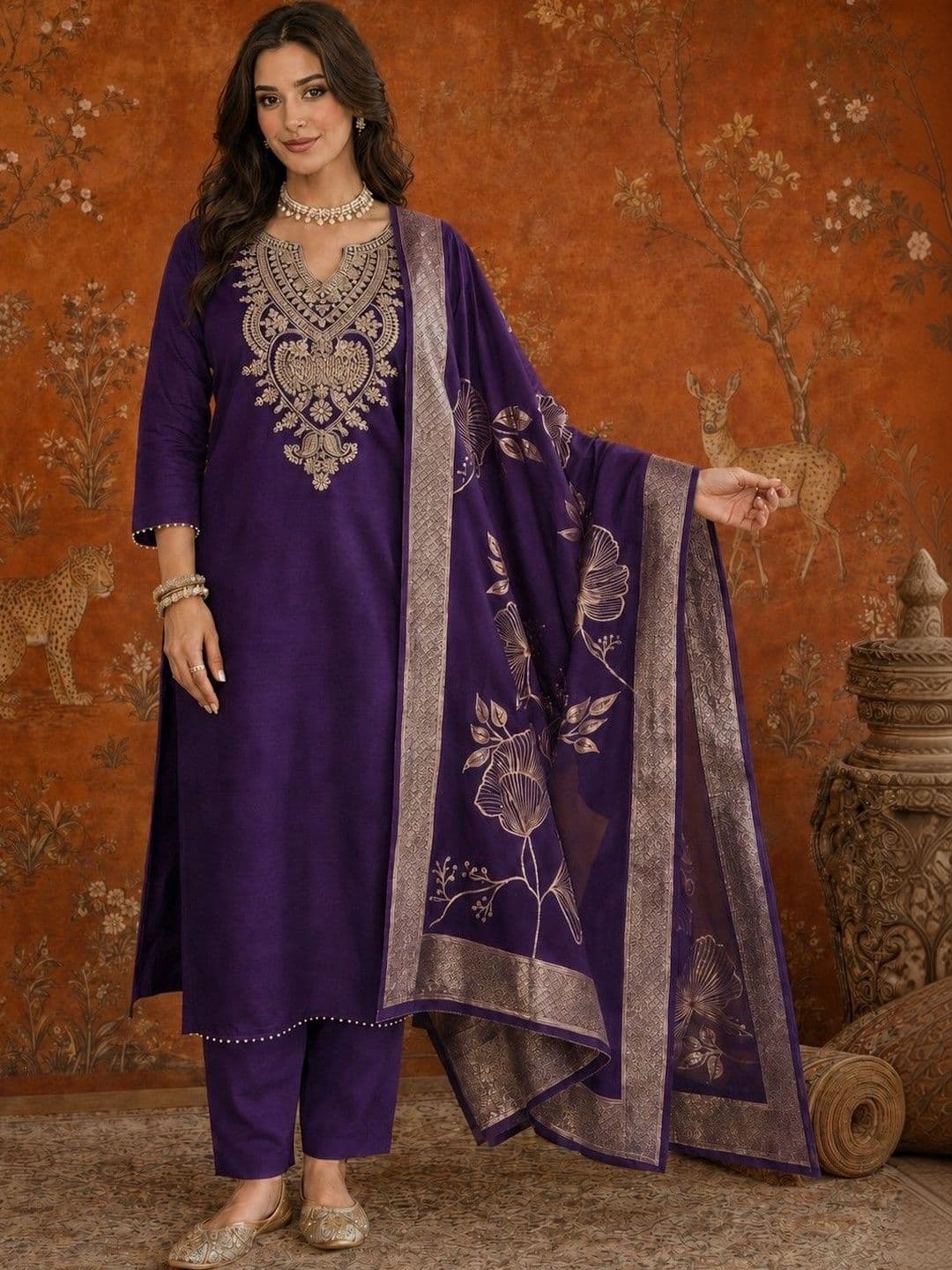 Sangria Women Ethnic Motifs Embroidered Regular Thread Work  Kurta & Trousers With Dupatta - view 1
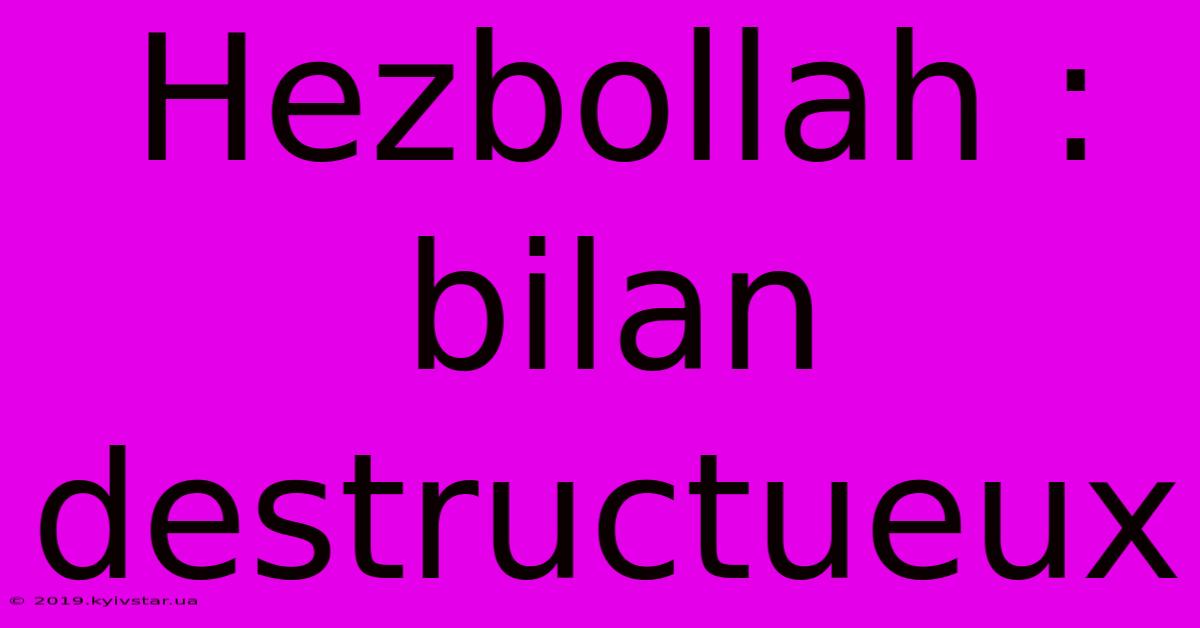 Hezbollah : Bilan Destructueux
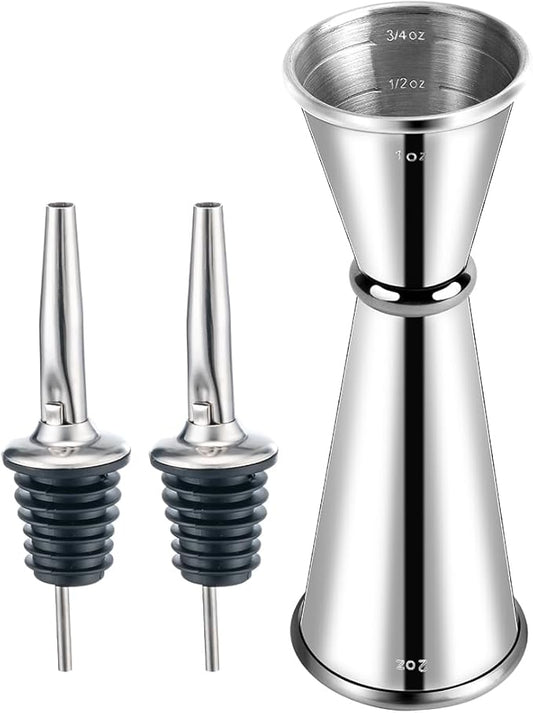 Briout Jigger and 2 Pourers, Double Cocktail Jigger Japanese Premium 304 Stainless Steel Jigger 2 OZ and 1 OZ with Measurements Inside
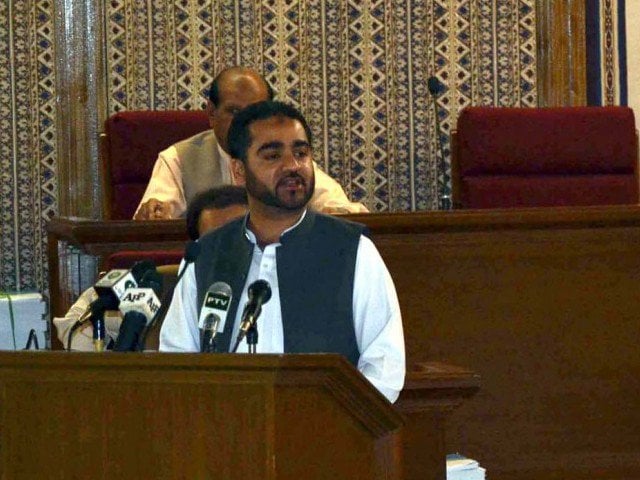 adviser to the balochistan chief minister mir khalid langove addressing the balochistan assembly budget session photo ppi file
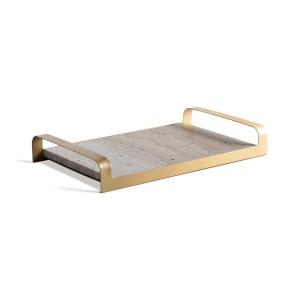 Tava decorativa gri/aurie din marmura 30x50 cm Tetbury Vical Home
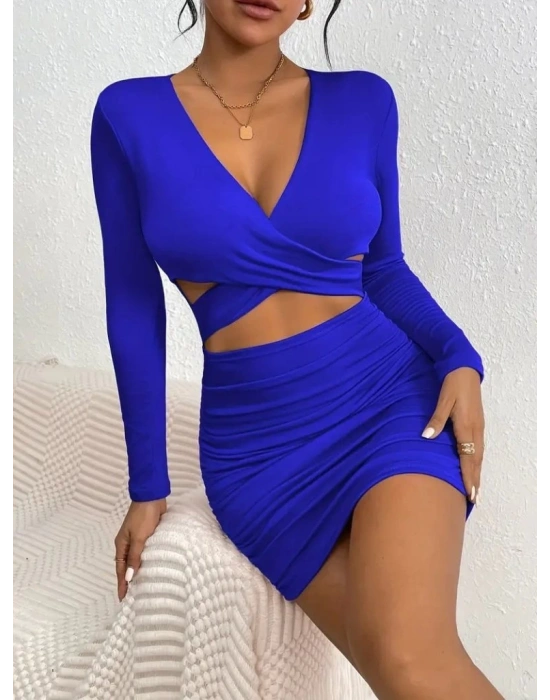 Kadın Uzun Kollu çapraz Dekolte Detaylı Mini Sandy Elbise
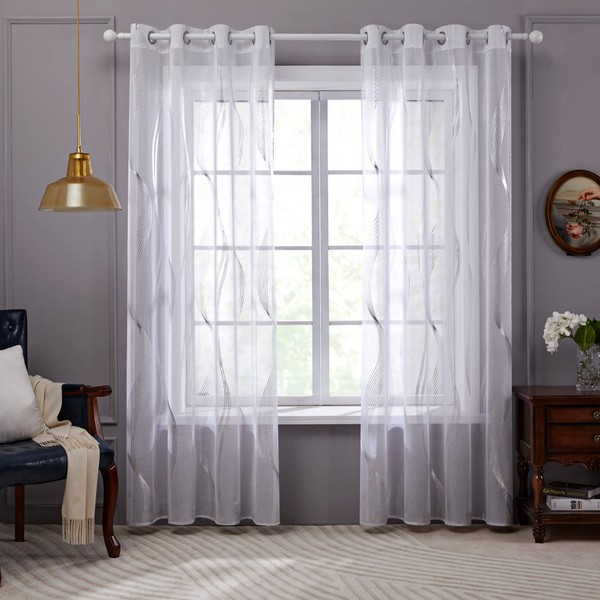 Deconovo Stores Curtains with Eyelets Sheer, Eyelet Curtain Wavy Line, 229 x 140 cm (Height x Width), White, Set of 2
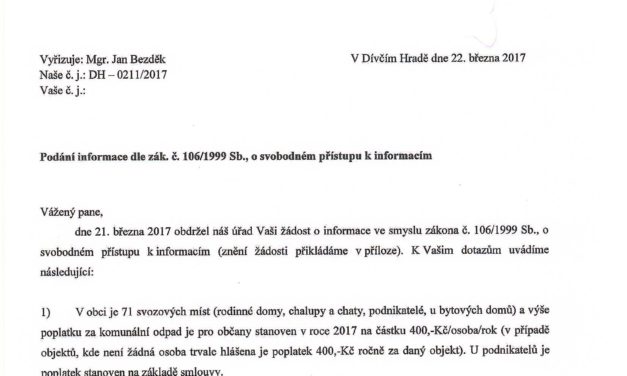 18/2017 – Podání informace dle zák. č. 106/1999 Sb.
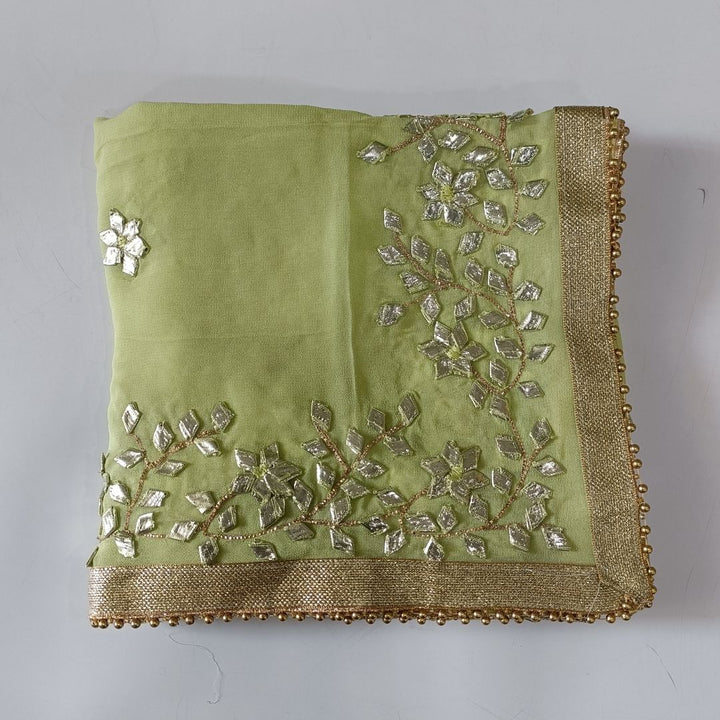 anokherang Dupattas Green Punch Floral Embroidered Chiffon Dupatta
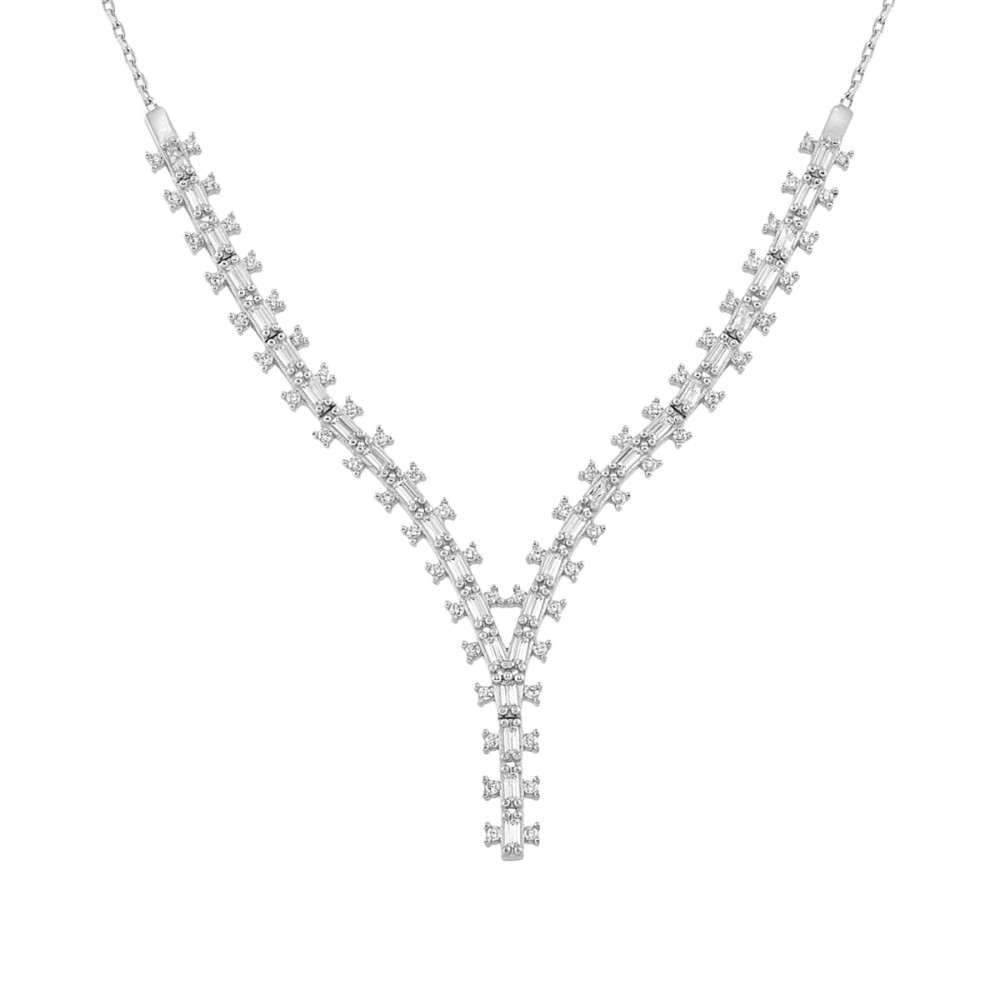 Gold 14ct. Y-necklace with CZ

==============================

■ **Exercise prompt**
Set down again, exactly, the lines of the material above from its first line to the one with "Briout Jigger and", inclusive. Leave the pictures out.

■ **Response**
 Sangria Women Ethnic Motifs Embroidered Regular Thread Work  Kurta & Trousers With Dupatta - view 1
 Hezbollah : Bilan Destructueux
 Briout Jigger and 2 Pourers, Double Cocktail Jigger Japanese Premium 304 Stainless Steel Jigger 2 OZ and 1 OZ with Measurements Inside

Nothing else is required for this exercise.